RECTIFICACIÓN, A MI PESAR
Hace unos días, escribí un
artículo que titulé “El coste de la ropa”, una reflexión amarga tras la
tragedia ocurrida en Dacca, Bangladesh, donde el derrumbe de un edificio en el
que se hacinaban los trabajadores, mayoritariamente mujeres, de varias
industrias de confección, mató o hirió de suma gravedad a centenares de ellos.
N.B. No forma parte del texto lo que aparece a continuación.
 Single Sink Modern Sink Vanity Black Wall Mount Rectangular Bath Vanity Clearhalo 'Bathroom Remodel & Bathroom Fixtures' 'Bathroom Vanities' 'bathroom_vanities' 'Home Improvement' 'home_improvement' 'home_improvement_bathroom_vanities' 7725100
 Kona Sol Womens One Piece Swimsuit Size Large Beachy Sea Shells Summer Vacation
Incurrí en un error de previsión, que ahora lamento. Y no lo siento
tanto por haberme equivocado cuanto porque la realidad, al desmentirme, nos
sitúa ante un panorama aún más atroz que el que se preveía, ya de por sí
pavoroso.
Decía yo, siguiendo informaciones de prensa, que el recuento de
cadáveres extraídos de los escombros iba por los 400, si bien se esperaba que
al final de las labores de rescate se duplicaría ese número. Los heridos se
contaban por cientos.
Pues son 1.127 los fallecidos y dos mil quinientos los lesionados, muchos
tan destrozados que, si no se suman a los muertos, quedarán tullidos de por
vida.
A vestir enteramente de rojo, que es color de sangre, nos han estado
condenando multinacionales del textil y empresarios autóctonos de que se
sirven, negreros sería mejor decir. Cuanto más económica les resulta la ropa,
más se agranda su coste humano. Porque para que unos compren barato, otros
producen baratísimo, y ya se ve a costa de qué, o, lo que es peor, de quiénes.
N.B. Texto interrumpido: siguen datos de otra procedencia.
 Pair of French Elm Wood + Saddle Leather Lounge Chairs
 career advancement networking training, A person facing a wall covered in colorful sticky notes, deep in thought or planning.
Un certificado de calidad, deberíamos exigir cuando adquirimos una
camisa, unos pantalones, un jersey: la certeza de que sus hacedores trabajan en
locales seguros y en condiciones dignas, que no cobran la miseria de 30 euros
al mes, que su jornada laboral no sobrepasa las ocho horas, que se les reconoce
el derecho a sindicarse y levantar su voz.
No queremos oír más los gritos
de auxilio de los quemados o los enterrados, ni el silencio de los muertos. Que
no nos hagan, a la fuerza, cómplices de tamaños desmanes.